Bisher habe ich nicht feststellen können, dass die Frage diskutiert wird, ob Russland aus rein oder vorwiegend wirtschaftlichen Gründen diesen Krieg vom Zaun gebrochen hat. Das ist eigentlich erstaunlich, denn das alte marxistische Narrativ, das letztlich alle Kriege wirtschaftliche Ursachen haben und alle anderen Gründe nur vorgeschoben sind, ist ja nach wie vor recht dominant in der Diskussion. Ich halte diese These für nicht begründbar in dieser Generalität, dennoch ist nicht auszuschließen, dass viele Kriege von wirtschaftlichen Interessen begleitet werden. Welche wirtschaftlichen Interessen könnten für Russland eine Rolle spielen oder noch besser gefragt: welche wirtschaftlichen Interessen könnten so stark sein, dass Russland das Risiko eines Krieges eingegangen ist. Mir fallen folgende Kandidaten ein:
Erstens, das Stahl- und Kohlerevier Donbass hat in der untergegangenen Sowjetunion eine wesentliche Rolle gespielt. Man braucht es eventuell für die Stabilisierung der eigenen Wirtschaft. Nun zerstört man es aber nachhaltig.
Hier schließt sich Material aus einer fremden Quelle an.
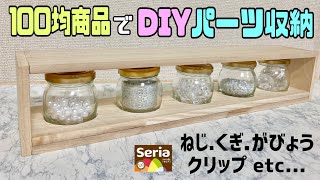 【100均DIY】100均商品でオシャレで便利な小物入れの作り方！！【Seria】細かいパーツやくぎ、ねじなどを収納しておける！#100均diy #収納DIY#パーツ入れ#100均diy #便利グッズ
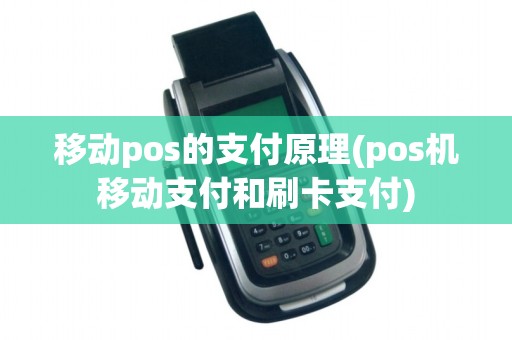 移动pos的支付原理(pos机移动支付和刷卡支付) 移动pos的支付原理(pos机移动支付和刷卡支付)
Soll es vielleicht wegen der Konkurrenz verschwinden?
Zweitens, braucht Russland die starke ukrainische Landwirtschaft zum eigenen Überleben oder soll sie lieber verschwinden, damit die russische Landschaftwirtschaft die Weltmärkte dominieren kann?
Drittens, gehen durch die EU-Bindung der Ukraine zu viele Absatzmärkte verloren. Aber was hat Russland außer Rohstoffe zu bieten und die haben ja in der EU immer reißenden Absatz gefunden.
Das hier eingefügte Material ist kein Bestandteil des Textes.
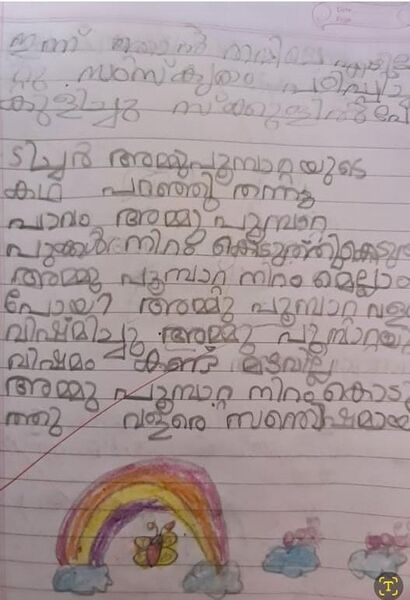 പ്രമാണം:23443-TSR-KUNJ-AMEYA AS.jpg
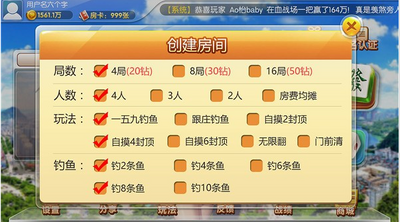 ���찮�����齫��ͼ0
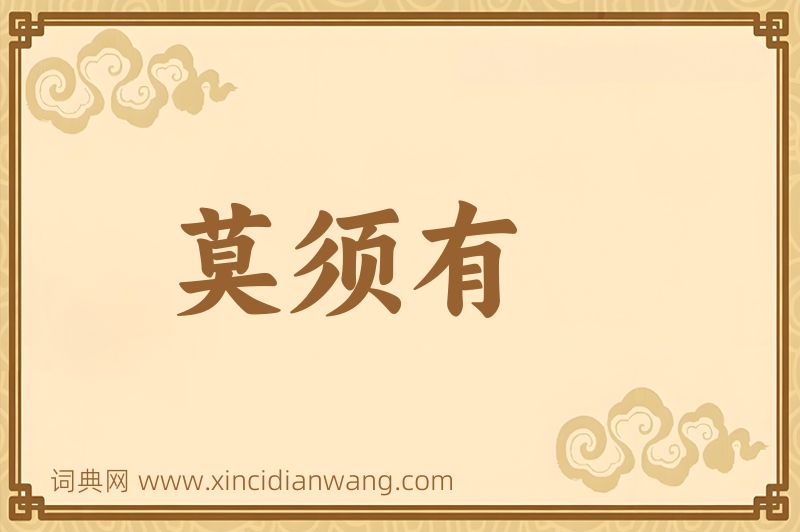 成语莫须有图片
Ich sehe, dass ich mir Knoten in die Finger schreiben muss, um so etwas wie wirtschaftliche Kriegsgründe zusammenzubasteln. Mich überzeugen sie nicht. Gibt es vielleicht noch andere? Bislang und in Zukunft ist dieser Krieg für Russland ein einziges wirtschaftliches Desaster. Das macht ihn vielleicht so gefährlich, denn irgendwann könnte der Punkt erreicht sein, dass die russische Obrigkeit keine Interessen mehr hat, die es zu schützen gilt.
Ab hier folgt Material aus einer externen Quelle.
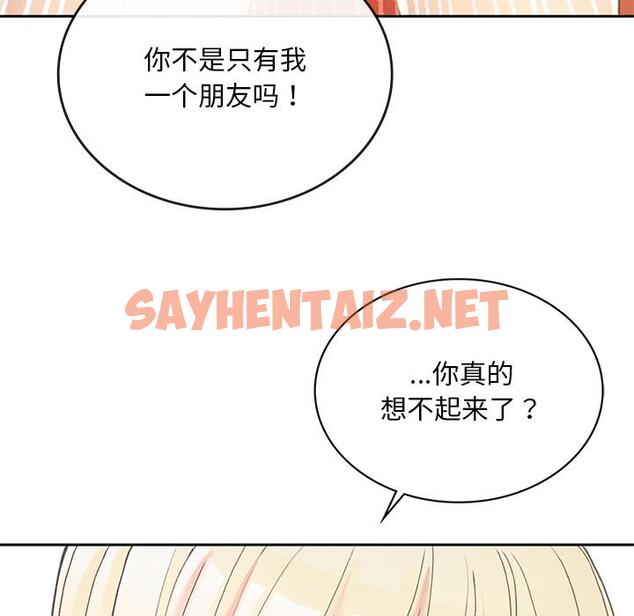 查看漫画返鄉後的春天/要在鄉下一起生活嗎？ - 第1話 - tymanga.com中的1544321图片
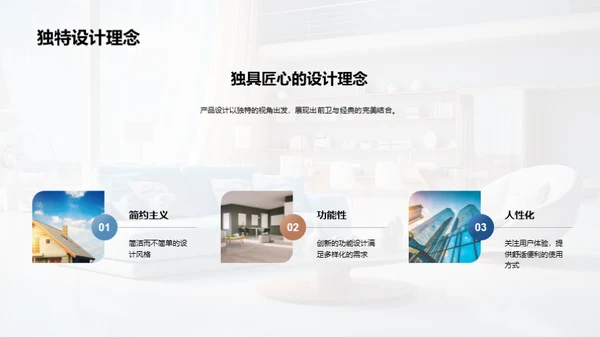 家居新动态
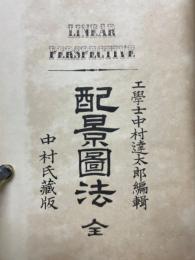 配景図法　全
Das alles schließt nicht aus, dass es schwerwiegende wirtschaftliche Gründe sein, können, die den Krieg beenden.
Nun habe ich mich tatsächlich in eine pessimistische Stimmung hineingeschrieben, das war nicht meine Absicht, vielleicht gelingt mir an einem der nächsten Tage etwas Positives.